# Acts 1:12-26, Why choose a new Apostle?



## Douglas P. (Nov 21, 2011)

Would it be fair to see the choice of a new Apostle as even further evidence towards a redemptive-historical reading of the book of Acts and Acts 1:8 in particular? In other words, Christ tells his Apostles to be his “witnesses in Jerusalem, Judea, Samaria, and to the end of the earth.” In order to do this the office of the twelfth Apostle must be filled, and thus, the office of Apostle expires upon completion of Christ command in 1:8 with Paul preaching the Gospel to Rome in Acts 28?
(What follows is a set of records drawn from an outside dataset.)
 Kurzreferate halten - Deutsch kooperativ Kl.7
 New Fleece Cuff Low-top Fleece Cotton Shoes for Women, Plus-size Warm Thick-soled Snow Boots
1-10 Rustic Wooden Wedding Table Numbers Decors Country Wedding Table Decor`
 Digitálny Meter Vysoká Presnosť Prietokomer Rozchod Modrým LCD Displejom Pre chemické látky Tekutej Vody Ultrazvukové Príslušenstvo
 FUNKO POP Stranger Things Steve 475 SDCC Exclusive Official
I also don’t fully understand Peter’s use of Ps. 69 and Ps. 109 in Acts 1:20. Obviously Apostolic succession can be refuted from other aspects of scripture, (Eph 2:20) so he couldn’t mean anything such as that. So what’s the Apostles immediate rationale for filling the office?

If it’s helpful, I am asking this question after reading Dr. Gaffin’s Perspectives on Pentecost and with a Charismatic/Pentecostal context in mind. Or more pointedly, the New Testament nostalgia (i.e. Why doesn’t the church look like Acts) that is present in many circles (even reformed) today.


----------



## Contra_Mundum (Nov 21, 2011)

1) Regardless of the episode wherein Matthias is chosen, Acts is a witness to the faithfulness of the Apostles in carrying out the Lord's command.
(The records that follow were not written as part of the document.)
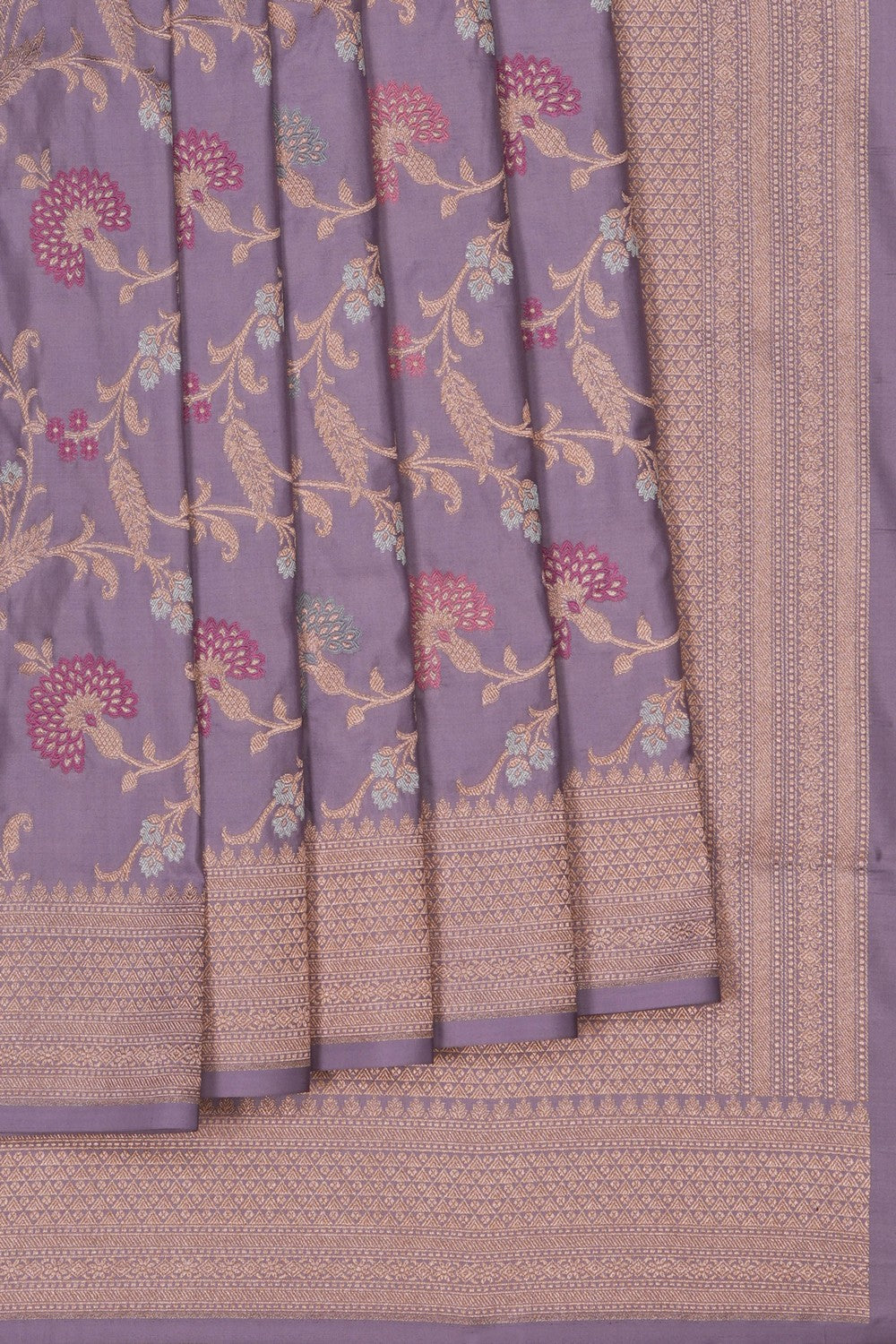 Image of Banarasi Silk Purple Saree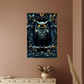 Noctyra | Owl Metal Wall Art – High Gloss Print with Ornate Gothic Frame (Not 3D Embossed)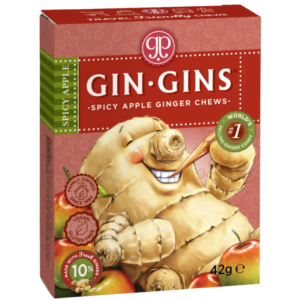 Ginger People Ginger Chews Gins Gins Spicy Apple Travel Pack (42 g)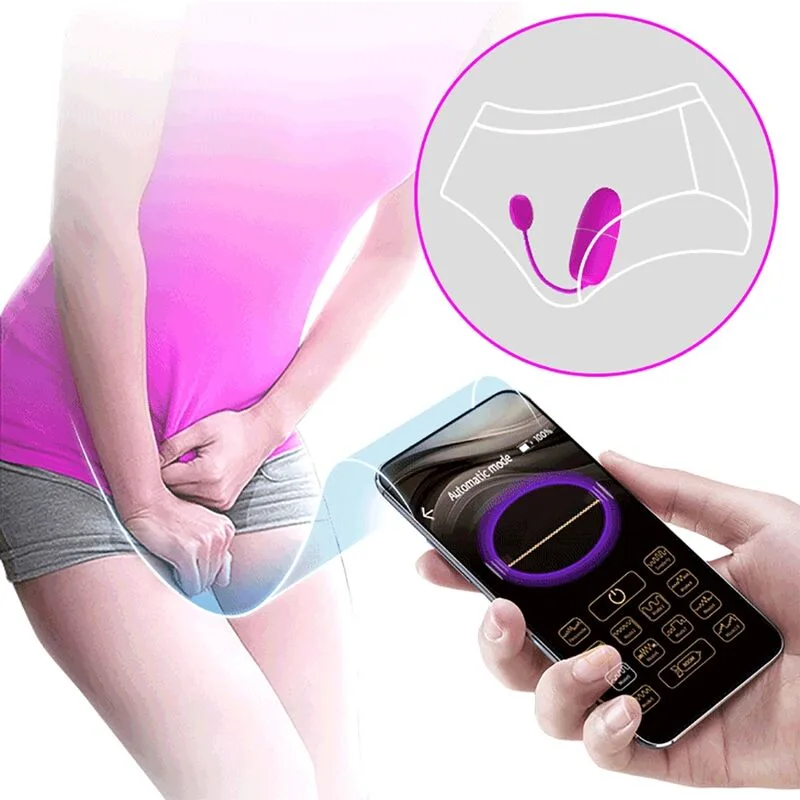 pretty love - nymph huevo vibrador controlado por app violeta imagen 9 | karma sex & shop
2) Holy Spirit moves the band to fulfill Scripture, by pointedly replacing Judas, "Let another take his office/oversight."

3) The nostalgia is inappropriate, just as it would be inappropriate to build a giant play-pen and live in it, trying to recapture the bliss of one's youth. It was still our youth, and we should value it, and try to live and do church in ways that are consistent with our cradle-home. Our church-fathers blazed a trail, and we must maintain it by the same principles they employed; because we want those who come behind us to recognize the original work, and know they are on the proper path. But no one can blaze the trail anew, or dig a tunnel where previously the Apostles' climbed the hill. We cannot repeat their work, it is not necessary to repeat it, nor have we been endowed with the peculiar gifts that were proper to the initial task. We have the permanent tools, and that is enough.


----------



## MW (Nov 21, 2011)

Luke 22:30, "That ye may eat and drink at my table in my kingdom, and sit on thrones judging the twelve tribes of Israel." There is a "reconstituted Israel" theme in Luke-Acts. The programmatic Acts 1:8 follows the question relative to the restoration of Israel. "Ye shall be my witnesses" effectively puts the apostles in the redemptive historical place of Israel. A substitute for Judas was requisite to complete the reconstitution. It was not a hasty decision which was later corrected by the calling of Paul. Paul was not an apostle to the Jews but to the Gentiles. He functioned outside the Twelve.


----------